--- START ---

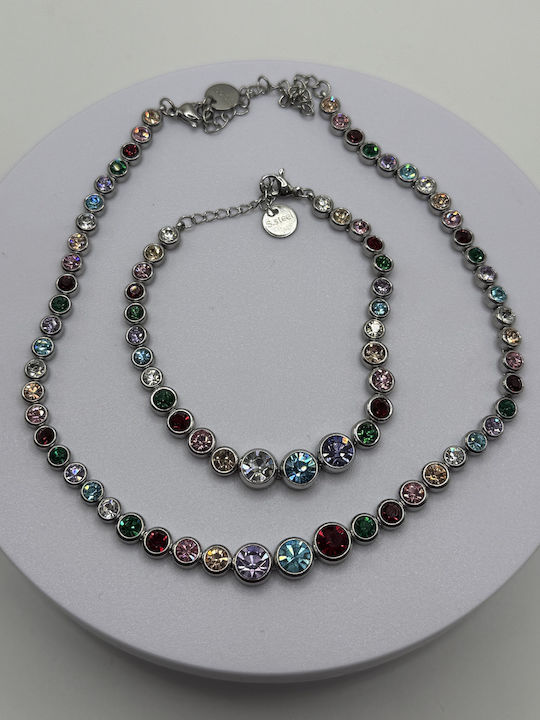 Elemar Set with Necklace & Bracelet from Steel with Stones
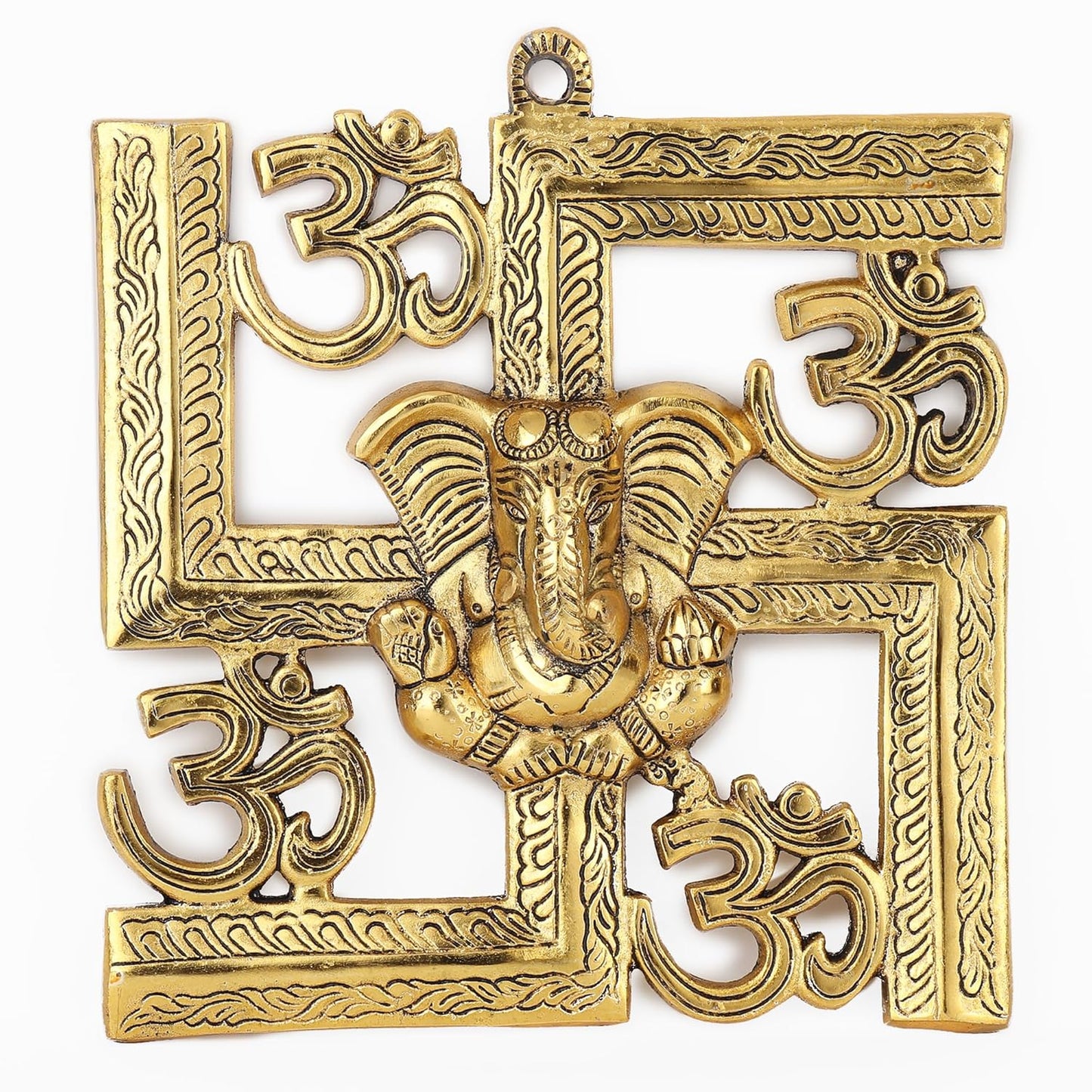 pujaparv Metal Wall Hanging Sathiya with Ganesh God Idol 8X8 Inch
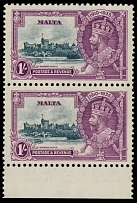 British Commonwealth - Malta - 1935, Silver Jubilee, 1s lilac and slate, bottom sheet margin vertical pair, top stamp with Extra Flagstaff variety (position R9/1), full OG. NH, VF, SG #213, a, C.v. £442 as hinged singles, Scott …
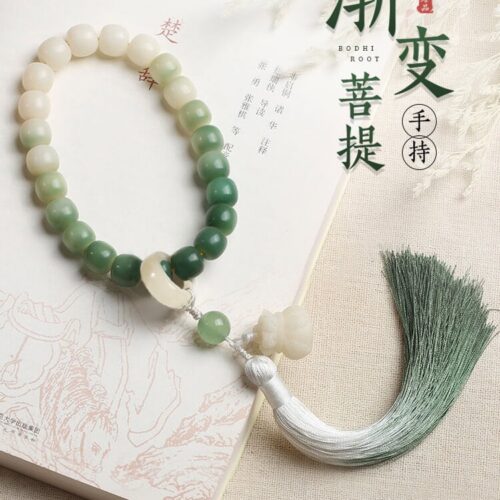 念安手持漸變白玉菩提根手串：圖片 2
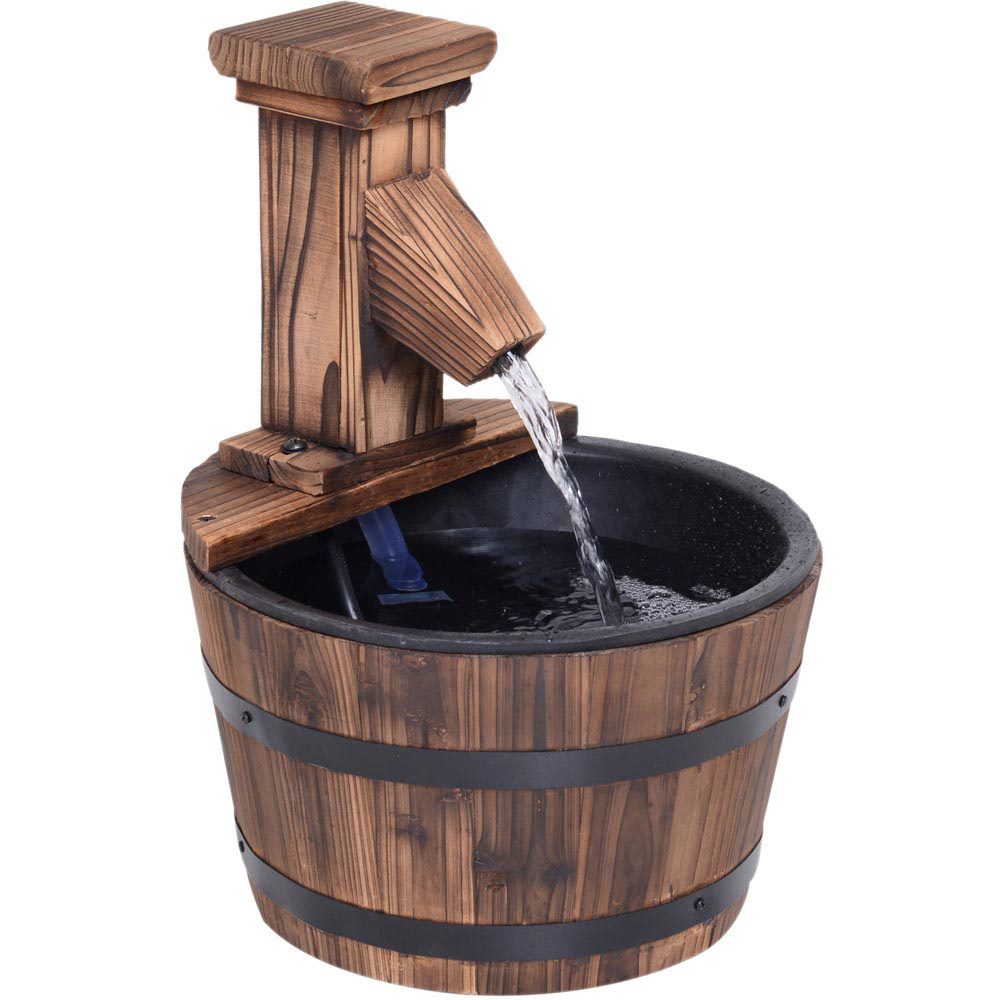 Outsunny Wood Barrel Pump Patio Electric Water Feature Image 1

--- END ---
--- START ---

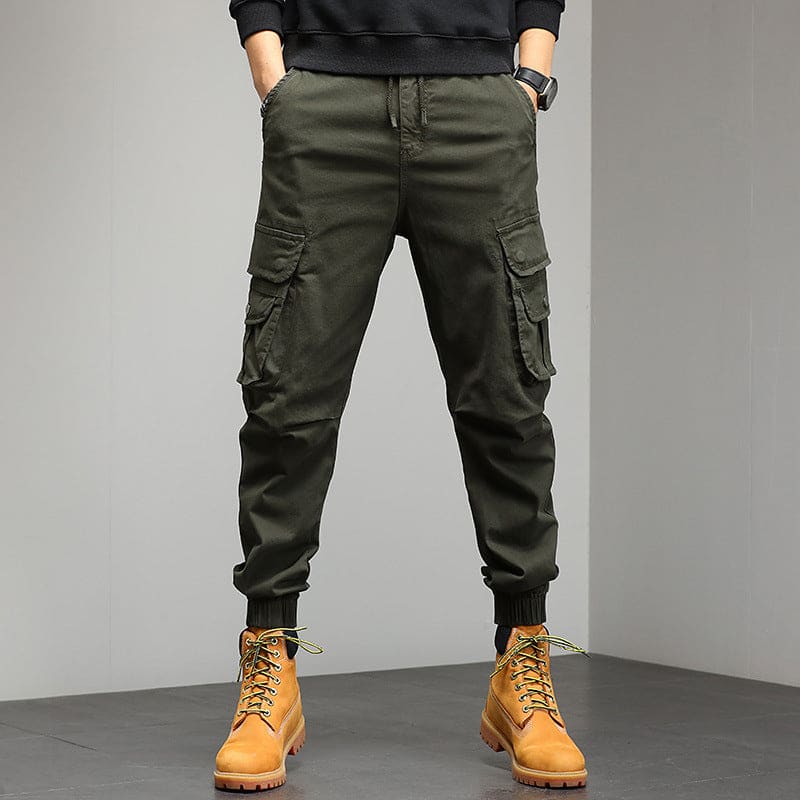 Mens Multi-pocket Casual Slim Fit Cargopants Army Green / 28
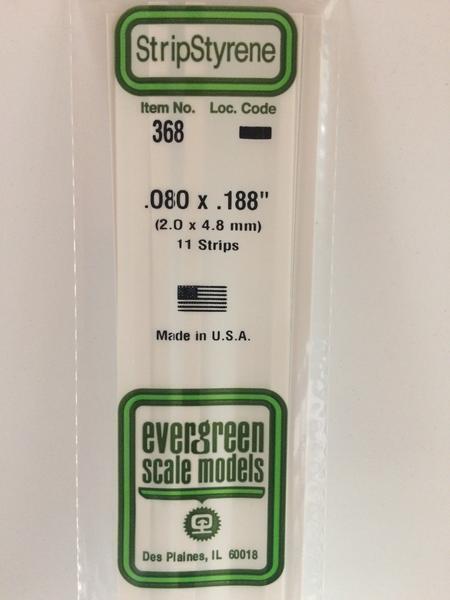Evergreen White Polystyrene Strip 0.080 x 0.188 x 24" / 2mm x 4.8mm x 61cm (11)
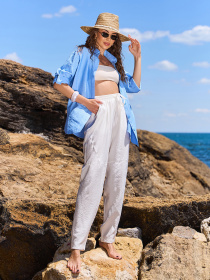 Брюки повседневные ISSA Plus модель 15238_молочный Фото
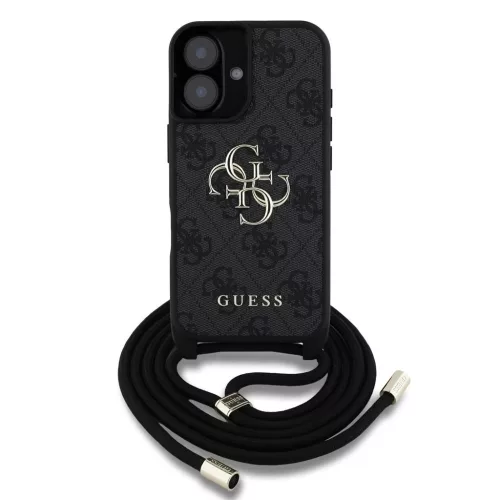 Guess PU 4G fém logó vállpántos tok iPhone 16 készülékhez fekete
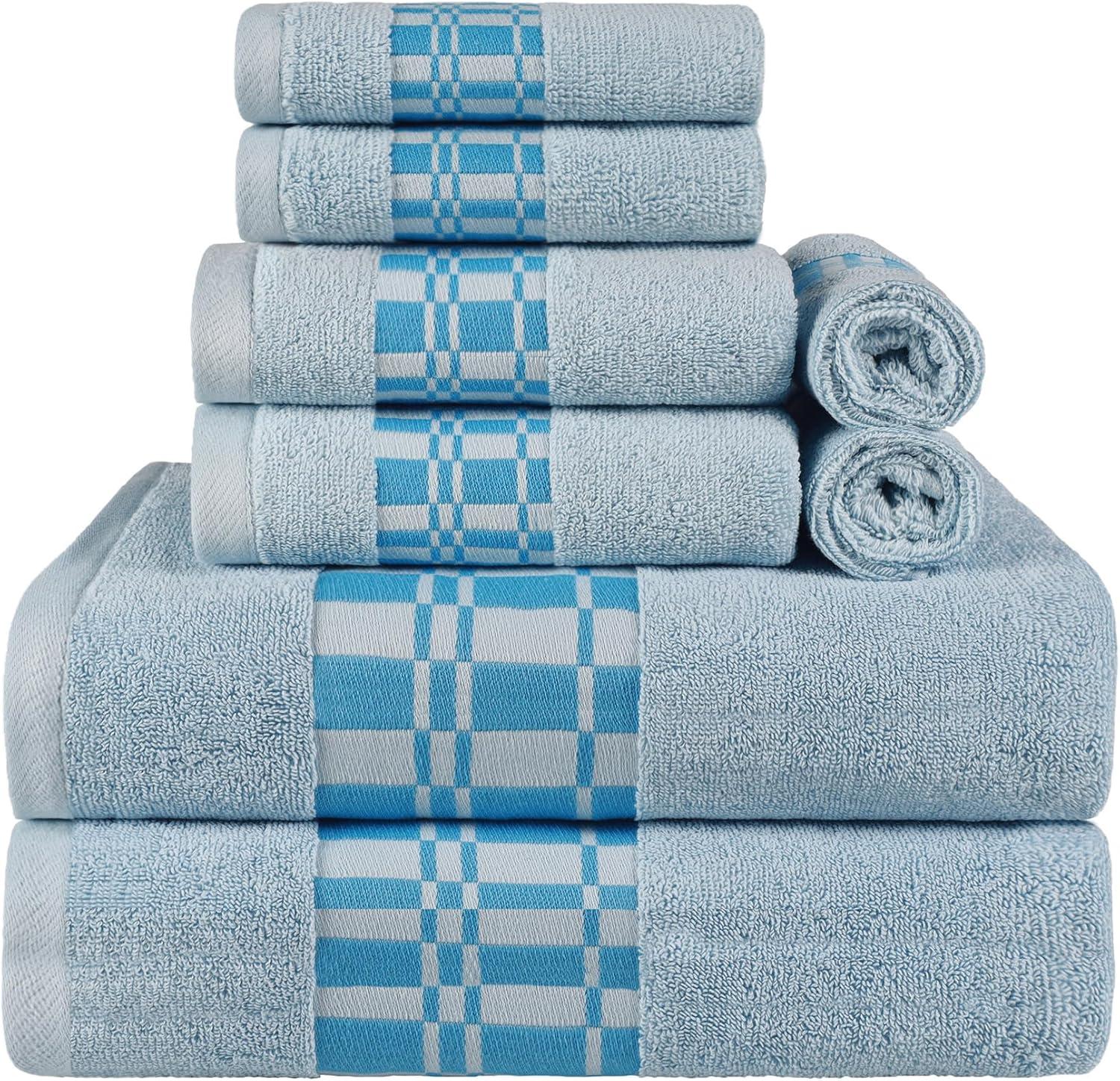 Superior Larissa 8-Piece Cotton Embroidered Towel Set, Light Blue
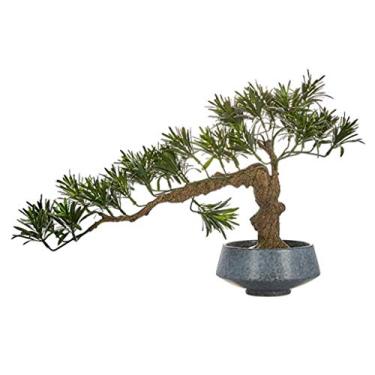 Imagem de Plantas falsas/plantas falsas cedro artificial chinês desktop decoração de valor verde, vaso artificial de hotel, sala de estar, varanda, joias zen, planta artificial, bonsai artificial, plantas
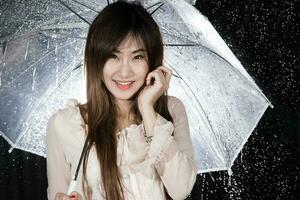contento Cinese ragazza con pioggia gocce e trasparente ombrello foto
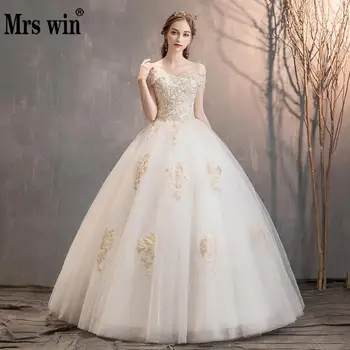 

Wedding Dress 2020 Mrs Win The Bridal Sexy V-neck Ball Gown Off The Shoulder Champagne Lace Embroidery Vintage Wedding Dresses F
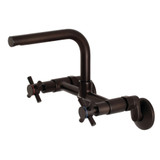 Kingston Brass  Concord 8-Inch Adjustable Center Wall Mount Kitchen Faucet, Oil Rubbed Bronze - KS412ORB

--- END ---
--- START ---

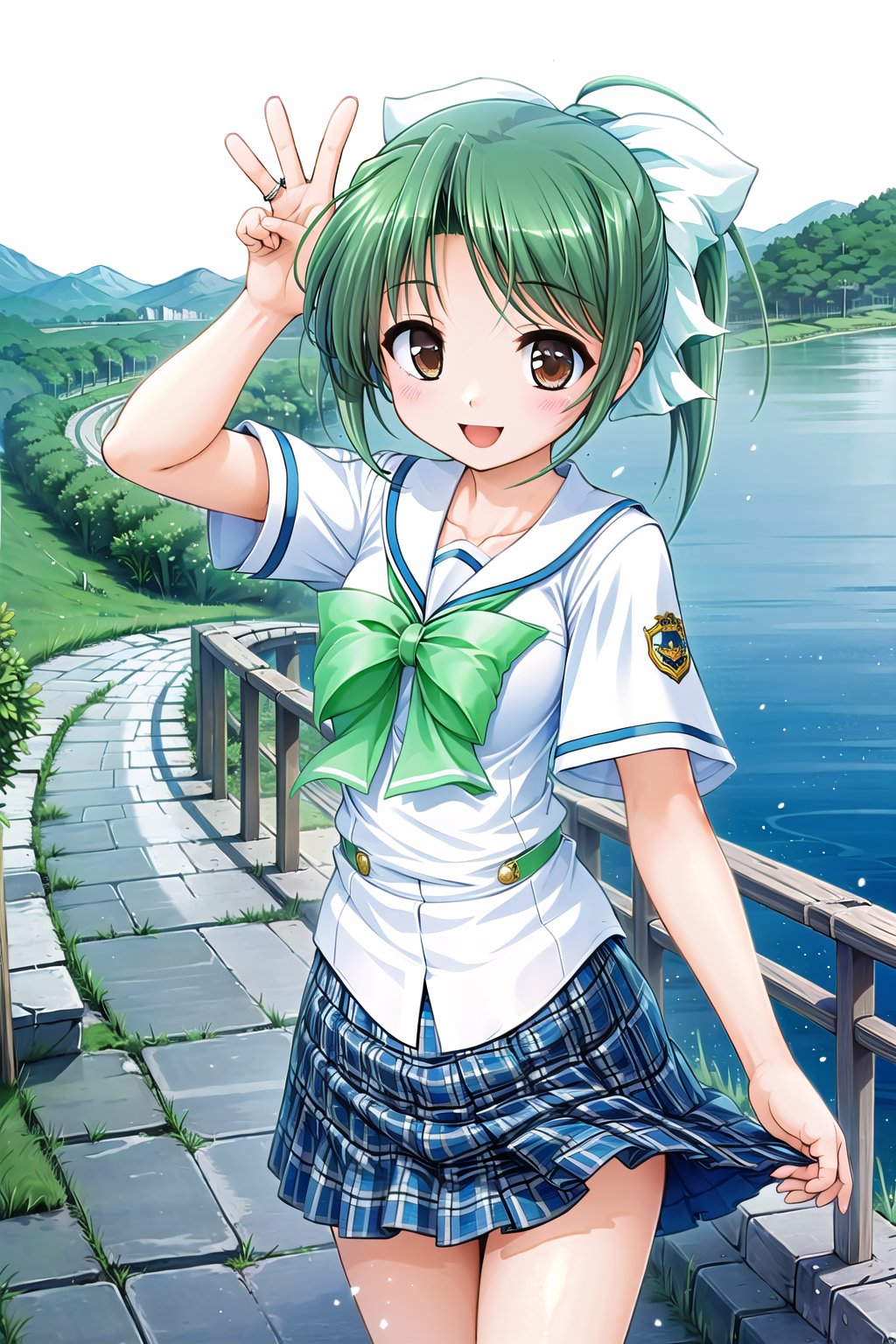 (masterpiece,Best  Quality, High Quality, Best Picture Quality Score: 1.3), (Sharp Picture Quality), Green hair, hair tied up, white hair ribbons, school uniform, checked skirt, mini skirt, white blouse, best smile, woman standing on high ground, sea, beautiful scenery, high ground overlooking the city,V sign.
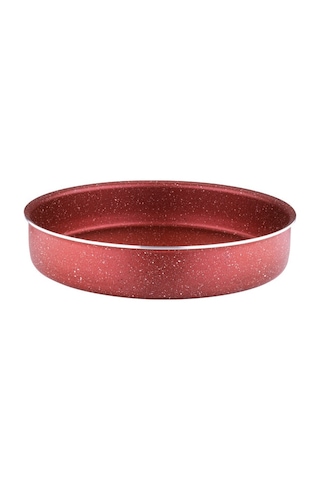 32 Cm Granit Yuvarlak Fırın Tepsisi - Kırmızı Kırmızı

--- END ---

Task instructions
Above are some entries; copy exactly the lines from the line with "Elemar Set with" through the line with "Outsunny Wood Barrel", both included, but none of the pictures.

Answer to the problem
 Elemar Set with Necklace & Bracelet from Steel with Stones
 pujaparv Metal Wall Hanging Sathiya with Ganesh God Idol 8X8 Inch
 British Commonwealth - Malta - 1935, Silver Jubilee, 1s lilac and slate, bottom sheet margin vertical pair, top stamp with Extra Flagstaff variety (position R9/1), full OG. NH, VF, SG #213, a, C.v. £442 as hinged singles, Scott …
 念安手持漸變白玉菩提根手串：圖片 2
 Outsunny Wood Barrel Pump Patio Electric Water Feature Image 1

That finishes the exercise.